Records for the exercise:
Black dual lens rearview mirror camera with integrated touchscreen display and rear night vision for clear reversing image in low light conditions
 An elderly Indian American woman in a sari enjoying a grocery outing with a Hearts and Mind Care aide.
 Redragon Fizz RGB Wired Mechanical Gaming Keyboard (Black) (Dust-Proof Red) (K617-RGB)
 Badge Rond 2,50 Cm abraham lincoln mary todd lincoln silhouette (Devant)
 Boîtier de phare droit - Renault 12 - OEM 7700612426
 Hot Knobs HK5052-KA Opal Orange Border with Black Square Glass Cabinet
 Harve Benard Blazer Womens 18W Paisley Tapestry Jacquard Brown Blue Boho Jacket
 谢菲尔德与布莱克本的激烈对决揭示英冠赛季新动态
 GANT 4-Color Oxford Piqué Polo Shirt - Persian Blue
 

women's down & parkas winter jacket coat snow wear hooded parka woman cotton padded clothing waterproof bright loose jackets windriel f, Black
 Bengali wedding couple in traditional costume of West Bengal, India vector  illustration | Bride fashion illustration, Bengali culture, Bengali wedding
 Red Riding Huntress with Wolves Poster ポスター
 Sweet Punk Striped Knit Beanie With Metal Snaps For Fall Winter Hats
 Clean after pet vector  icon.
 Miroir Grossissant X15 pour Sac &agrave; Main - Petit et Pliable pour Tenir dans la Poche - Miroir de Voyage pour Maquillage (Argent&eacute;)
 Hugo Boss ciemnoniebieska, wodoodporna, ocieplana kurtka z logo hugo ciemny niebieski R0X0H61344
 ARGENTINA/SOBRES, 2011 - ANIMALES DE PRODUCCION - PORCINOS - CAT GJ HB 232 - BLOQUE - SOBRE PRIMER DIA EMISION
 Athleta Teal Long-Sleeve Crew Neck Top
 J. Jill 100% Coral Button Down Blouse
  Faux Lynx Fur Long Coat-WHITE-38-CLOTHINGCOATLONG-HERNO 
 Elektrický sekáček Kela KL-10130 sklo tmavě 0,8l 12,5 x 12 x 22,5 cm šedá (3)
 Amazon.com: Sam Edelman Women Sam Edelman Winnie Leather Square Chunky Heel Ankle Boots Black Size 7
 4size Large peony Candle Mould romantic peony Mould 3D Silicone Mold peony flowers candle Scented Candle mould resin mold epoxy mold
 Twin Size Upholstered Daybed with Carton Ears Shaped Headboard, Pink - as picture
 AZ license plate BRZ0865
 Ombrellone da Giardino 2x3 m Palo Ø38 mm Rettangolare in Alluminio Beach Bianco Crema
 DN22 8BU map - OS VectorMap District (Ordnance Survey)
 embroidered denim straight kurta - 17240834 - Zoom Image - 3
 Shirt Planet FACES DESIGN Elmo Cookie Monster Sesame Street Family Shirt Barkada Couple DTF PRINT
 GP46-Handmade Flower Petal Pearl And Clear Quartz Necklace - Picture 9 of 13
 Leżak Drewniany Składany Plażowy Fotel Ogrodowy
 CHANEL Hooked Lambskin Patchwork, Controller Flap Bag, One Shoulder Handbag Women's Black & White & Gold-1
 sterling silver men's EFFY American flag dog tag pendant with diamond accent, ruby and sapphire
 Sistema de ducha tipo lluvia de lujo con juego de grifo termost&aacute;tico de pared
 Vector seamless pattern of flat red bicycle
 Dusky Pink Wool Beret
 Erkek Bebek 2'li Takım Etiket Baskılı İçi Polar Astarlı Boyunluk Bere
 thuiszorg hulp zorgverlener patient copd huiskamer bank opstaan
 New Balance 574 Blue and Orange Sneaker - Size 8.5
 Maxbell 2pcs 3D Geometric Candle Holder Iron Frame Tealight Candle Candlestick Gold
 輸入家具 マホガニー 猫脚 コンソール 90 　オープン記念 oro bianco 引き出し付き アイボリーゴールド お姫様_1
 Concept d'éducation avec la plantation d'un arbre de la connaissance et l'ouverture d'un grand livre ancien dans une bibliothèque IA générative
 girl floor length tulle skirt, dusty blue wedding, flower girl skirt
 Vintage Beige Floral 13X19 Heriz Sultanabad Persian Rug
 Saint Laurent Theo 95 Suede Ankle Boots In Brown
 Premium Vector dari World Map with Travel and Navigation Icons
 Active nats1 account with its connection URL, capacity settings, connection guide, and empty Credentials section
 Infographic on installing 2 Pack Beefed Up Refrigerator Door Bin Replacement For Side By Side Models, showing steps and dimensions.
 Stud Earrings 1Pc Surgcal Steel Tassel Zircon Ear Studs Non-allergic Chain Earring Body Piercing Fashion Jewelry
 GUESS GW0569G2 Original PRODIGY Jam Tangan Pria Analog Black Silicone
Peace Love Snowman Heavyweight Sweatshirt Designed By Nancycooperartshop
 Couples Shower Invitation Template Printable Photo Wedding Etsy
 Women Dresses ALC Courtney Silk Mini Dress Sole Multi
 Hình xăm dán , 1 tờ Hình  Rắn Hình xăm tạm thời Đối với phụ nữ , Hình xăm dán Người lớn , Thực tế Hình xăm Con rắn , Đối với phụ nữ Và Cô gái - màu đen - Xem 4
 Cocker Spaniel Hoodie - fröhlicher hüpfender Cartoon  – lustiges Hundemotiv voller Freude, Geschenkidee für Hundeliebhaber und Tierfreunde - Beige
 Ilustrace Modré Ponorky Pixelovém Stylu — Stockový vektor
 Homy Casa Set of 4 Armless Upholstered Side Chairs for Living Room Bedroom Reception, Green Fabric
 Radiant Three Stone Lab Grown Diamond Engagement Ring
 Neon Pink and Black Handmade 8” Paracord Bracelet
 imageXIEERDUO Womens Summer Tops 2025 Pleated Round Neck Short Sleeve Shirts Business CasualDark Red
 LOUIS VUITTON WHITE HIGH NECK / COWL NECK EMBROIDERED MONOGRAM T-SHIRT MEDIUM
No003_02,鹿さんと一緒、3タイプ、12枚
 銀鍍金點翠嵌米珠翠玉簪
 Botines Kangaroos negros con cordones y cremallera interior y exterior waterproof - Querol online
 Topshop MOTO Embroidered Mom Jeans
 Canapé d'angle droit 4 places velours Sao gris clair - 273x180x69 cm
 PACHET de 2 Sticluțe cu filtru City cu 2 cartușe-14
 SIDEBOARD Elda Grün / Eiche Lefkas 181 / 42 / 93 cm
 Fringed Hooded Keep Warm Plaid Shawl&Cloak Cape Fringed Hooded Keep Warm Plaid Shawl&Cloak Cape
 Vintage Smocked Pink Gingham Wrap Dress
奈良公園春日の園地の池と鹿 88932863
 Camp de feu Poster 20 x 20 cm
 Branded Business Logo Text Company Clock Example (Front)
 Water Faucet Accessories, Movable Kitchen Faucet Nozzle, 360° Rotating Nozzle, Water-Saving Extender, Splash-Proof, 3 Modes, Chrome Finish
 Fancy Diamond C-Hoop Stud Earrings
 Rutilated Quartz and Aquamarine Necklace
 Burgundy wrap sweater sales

Task to carry out: Given the records above, reproduce precisely and only the lines between the line holding "Amazon.com: Sam Edelman" and the line holding "AZ license plate BRZ0865", inclusive.

Output for this task:
 Amazon.com: Sam Edelman Women Sam Edelman Winnie Leather Square Chunky Heel Ankle Boots Black Size 7
 4size Large peony Candle Mould romantic peony Mould 3D Silicone Mold peony flowers candle Scented Candle mould resin mold epoxy mold
 Twin Size Upholstered Daybed with Carton Ears Shaped Headboard, Pink - as picture
 AZ license plate BRZ0865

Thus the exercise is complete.